■ EXERCISE INSTRUCTIONS
Beginning with the first line, please repeat the entries exactly and end on the line that contains "zksync one of".

■ TASK MATERIAL
"""
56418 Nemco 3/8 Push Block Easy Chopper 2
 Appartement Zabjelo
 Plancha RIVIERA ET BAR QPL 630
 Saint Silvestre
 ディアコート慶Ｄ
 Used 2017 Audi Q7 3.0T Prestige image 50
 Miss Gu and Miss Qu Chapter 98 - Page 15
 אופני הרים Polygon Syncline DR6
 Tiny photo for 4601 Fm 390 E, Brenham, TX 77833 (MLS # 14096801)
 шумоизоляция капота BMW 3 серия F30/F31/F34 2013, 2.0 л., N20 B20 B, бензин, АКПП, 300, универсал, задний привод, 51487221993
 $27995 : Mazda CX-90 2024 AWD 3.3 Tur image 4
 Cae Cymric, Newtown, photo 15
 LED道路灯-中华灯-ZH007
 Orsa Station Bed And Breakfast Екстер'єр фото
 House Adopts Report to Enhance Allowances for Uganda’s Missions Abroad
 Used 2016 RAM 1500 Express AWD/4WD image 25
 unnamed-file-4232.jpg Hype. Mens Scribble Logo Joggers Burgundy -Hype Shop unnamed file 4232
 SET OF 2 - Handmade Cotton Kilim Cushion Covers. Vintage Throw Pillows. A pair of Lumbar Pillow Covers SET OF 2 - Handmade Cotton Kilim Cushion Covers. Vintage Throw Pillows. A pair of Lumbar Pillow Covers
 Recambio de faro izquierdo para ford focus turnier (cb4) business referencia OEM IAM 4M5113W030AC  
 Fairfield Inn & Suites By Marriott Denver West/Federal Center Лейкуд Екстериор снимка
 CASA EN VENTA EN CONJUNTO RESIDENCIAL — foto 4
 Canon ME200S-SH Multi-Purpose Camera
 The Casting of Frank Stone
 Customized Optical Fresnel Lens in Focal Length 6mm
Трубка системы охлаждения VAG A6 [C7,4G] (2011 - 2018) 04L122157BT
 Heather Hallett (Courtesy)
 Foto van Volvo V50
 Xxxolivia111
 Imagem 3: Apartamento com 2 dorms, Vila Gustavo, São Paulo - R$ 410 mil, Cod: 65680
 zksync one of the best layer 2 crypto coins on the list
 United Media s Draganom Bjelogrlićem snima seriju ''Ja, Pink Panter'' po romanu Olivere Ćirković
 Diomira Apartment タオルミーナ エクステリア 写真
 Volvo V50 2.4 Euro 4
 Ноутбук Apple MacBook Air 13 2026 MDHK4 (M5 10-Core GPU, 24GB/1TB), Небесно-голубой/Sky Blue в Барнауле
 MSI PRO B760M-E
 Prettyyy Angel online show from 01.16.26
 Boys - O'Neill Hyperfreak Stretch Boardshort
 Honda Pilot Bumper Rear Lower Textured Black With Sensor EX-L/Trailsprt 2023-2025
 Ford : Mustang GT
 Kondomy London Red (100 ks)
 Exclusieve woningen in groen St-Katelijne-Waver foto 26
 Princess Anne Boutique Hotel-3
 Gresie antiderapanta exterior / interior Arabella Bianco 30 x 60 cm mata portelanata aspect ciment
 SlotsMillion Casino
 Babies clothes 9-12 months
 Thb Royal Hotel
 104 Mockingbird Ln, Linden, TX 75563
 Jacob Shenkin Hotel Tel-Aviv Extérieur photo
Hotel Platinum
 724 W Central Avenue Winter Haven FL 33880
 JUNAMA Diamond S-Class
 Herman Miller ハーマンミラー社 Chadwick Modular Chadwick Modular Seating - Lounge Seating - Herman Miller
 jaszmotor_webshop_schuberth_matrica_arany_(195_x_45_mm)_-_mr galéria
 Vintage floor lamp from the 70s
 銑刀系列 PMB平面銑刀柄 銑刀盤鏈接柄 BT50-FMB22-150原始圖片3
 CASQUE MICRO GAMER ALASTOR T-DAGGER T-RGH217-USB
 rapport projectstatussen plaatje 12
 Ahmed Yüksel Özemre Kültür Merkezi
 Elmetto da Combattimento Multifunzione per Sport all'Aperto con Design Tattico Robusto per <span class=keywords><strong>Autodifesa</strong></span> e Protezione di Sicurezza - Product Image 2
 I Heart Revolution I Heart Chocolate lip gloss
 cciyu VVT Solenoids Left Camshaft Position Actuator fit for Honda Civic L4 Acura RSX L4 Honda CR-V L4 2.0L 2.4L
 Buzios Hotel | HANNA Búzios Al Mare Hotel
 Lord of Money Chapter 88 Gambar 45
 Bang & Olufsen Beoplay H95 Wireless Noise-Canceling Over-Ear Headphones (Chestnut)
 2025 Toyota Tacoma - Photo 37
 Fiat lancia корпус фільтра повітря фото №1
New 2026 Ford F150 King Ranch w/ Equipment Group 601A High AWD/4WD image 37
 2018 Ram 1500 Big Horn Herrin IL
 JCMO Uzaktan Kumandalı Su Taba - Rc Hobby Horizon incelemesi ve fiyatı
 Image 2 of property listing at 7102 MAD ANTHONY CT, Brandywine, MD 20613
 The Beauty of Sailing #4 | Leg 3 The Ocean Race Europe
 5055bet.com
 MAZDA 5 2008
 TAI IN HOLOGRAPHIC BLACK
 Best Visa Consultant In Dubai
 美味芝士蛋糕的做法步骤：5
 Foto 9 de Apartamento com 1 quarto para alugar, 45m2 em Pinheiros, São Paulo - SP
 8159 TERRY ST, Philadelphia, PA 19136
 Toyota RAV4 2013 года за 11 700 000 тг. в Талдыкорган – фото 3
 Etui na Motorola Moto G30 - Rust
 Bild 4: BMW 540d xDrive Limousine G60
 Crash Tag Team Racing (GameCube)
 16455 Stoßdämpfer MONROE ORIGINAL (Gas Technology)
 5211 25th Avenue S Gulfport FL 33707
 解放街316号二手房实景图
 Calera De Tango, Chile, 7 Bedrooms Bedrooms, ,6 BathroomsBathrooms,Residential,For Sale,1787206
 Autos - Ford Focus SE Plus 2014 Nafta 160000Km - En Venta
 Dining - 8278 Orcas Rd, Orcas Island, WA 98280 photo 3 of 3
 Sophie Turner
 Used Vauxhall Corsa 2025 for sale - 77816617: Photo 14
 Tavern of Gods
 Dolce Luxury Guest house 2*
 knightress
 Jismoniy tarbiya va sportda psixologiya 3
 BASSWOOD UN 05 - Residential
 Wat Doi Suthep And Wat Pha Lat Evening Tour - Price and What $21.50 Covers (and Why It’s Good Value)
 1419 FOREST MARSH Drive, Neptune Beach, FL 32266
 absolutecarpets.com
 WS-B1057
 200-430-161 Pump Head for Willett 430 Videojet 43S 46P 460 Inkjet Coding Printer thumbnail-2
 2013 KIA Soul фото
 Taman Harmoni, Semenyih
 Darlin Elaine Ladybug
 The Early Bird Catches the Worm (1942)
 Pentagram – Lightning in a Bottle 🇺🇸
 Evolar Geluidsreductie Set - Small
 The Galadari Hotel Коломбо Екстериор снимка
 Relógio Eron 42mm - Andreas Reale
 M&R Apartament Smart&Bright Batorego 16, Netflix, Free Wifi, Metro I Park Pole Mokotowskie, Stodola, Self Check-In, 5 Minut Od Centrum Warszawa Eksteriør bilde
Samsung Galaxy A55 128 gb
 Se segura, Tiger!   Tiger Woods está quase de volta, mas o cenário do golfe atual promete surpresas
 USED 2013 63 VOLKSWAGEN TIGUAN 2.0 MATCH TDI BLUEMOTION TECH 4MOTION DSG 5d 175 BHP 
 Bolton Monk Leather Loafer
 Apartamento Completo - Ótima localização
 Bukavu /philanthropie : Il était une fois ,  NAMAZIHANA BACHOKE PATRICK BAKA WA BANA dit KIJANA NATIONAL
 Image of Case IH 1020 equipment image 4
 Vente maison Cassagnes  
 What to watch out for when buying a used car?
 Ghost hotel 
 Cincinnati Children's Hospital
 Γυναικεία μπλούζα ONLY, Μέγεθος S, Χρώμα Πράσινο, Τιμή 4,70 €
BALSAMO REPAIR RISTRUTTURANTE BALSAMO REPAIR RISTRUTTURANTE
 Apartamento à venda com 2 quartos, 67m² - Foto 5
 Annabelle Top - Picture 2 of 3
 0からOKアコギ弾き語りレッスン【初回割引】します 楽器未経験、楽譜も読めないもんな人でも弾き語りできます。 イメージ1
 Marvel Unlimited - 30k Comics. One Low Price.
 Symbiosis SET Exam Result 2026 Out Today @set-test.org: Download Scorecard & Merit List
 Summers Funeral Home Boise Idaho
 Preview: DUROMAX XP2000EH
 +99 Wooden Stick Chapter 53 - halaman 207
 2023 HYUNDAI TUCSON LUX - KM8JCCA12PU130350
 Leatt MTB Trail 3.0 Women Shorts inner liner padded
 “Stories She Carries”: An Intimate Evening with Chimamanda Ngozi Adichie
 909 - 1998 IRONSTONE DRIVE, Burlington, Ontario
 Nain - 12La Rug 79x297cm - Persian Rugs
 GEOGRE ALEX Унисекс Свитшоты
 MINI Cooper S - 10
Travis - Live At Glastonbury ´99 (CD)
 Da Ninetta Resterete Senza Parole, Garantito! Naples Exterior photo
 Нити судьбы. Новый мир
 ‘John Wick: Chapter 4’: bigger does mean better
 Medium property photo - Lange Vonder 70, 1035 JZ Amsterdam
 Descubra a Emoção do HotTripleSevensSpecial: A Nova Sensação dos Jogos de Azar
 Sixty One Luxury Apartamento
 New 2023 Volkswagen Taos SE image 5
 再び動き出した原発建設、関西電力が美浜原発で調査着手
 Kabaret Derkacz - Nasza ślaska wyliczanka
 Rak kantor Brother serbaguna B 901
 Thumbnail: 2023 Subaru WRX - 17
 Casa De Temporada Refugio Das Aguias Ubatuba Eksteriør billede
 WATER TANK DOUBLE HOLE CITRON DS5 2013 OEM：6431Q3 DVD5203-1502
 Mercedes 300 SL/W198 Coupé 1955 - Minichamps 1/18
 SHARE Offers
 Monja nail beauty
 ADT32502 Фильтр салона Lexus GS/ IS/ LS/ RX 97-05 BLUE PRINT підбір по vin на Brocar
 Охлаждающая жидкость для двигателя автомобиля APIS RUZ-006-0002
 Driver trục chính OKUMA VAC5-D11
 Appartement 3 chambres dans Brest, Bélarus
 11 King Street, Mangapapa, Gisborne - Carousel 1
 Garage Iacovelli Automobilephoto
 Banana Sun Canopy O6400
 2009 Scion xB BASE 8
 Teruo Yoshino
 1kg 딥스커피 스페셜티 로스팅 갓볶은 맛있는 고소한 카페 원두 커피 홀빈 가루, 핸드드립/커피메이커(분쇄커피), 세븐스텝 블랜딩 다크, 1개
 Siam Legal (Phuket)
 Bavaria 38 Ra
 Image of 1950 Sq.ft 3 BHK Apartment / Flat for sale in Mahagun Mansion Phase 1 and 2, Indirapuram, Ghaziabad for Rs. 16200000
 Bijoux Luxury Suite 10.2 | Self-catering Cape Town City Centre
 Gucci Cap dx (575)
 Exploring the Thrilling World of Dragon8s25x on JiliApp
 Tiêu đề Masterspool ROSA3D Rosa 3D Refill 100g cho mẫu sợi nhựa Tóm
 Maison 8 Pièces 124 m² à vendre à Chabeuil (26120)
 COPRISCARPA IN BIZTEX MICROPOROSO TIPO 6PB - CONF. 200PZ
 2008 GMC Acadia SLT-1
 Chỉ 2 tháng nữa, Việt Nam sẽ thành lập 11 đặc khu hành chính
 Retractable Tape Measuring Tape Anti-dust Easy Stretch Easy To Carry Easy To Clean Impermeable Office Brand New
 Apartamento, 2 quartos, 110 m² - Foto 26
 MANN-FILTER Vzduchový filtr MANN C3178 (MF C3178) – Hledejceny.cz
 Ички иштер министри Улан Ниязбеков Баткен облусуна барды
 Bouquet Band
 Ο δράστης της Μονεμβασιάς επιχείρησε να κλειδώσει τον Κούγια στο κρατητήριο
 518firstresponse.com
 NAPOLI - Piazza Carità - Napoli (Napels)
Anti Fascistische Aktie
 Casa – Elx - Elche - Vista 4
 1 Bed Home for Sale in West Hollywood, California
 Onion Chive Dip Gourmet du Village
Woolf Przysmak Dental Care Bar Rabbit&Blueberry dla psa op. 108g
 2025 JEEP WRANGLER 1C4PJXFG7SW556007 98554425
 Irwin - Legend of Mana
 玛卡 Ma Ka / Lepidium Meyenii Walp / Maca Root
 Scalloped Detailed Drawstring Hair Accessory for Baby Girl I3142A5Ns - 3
"""
■ FINISHED EXERCISE
56418 Nemco 3/8 Push Block Easy Chopper 2
 Appartement Zabjelo
 Plancha RIVIERA ET BAR QPL 630
 Saint Silvestre
 ディアコート慶Ｄ
 Used 2017 Audi Q7 3.0T Prestige image 50
 Miss Gu and Miss Qu Chapter 98 - Page 15
 אופני הרים Polygon Syncline DR6
 Tiny photo for 4601 Fm 390 E, Brenham, TX 77833 (MLS # 14096801)
 шумоизоляция капота BMW 3 серия F30/F31/F34 2013, 2.0 л., N20 B20 B, бензин, АКПП, 300, универсал, задний привод, 51487221993
 $27995 : Mazda CX-90 2024 AWD 3.3 Tur image 4
 Cae Cymric, Newtown, photo 15
 LED道路灯-中华灯-ZH007
 Orsa Station Bed And Breakfast Екстер'єр фото
 House Adopts Report to Enhance Allowances for Uganda’s Missions Abroad
 Used 2016 RAM 1500 Express AWD/4WD image 25
 unnamed-file-4232.jpg Hype. Mens Scribble Logo Joggers Burgundy -Hype Shop unnamed file 4232
 SET OF 2 - Handmade Cotton Kilim Cushion Covers. Vintage Throw Pillows. A pair of Lumbar Pillow Covers SET OF 2 - Handmade Cotton Kilim Cushion Covers. Vintage Throw Pillows. A pair of Lumbar Pillow Covers
 Recambio de faro izquierdo para ford focus turnier (cb4) business referencia OEM IAM 4M5113W030AC  
 Fairfield Inn & Suites By Marriott Denver West/Federal Center Лейкуд Екстериор снимка
 CASA EN VENTA EN CONJUNTO RESIDENCIAL — foto 4
 Canon ME200S-SH Multi-Purpose Camera
 The Casting of Frank Stone
 Customized Optical Fresnel Lens in Focal Length 6mm
Трубка системы охлаждения VAG A6 [C7,4G] (2011 - 2018) 04L122157BT
 Heather Hallett (Courtesy)
 Foto van Volvo V50
 Xxxolivia111
 Imagem 3: Apartamento com 2 dorms, Vila Gustavo, São Paulo - R$ 410 mil, Cod: 65680
 zksync one of the best layer 2 crypto coins on the list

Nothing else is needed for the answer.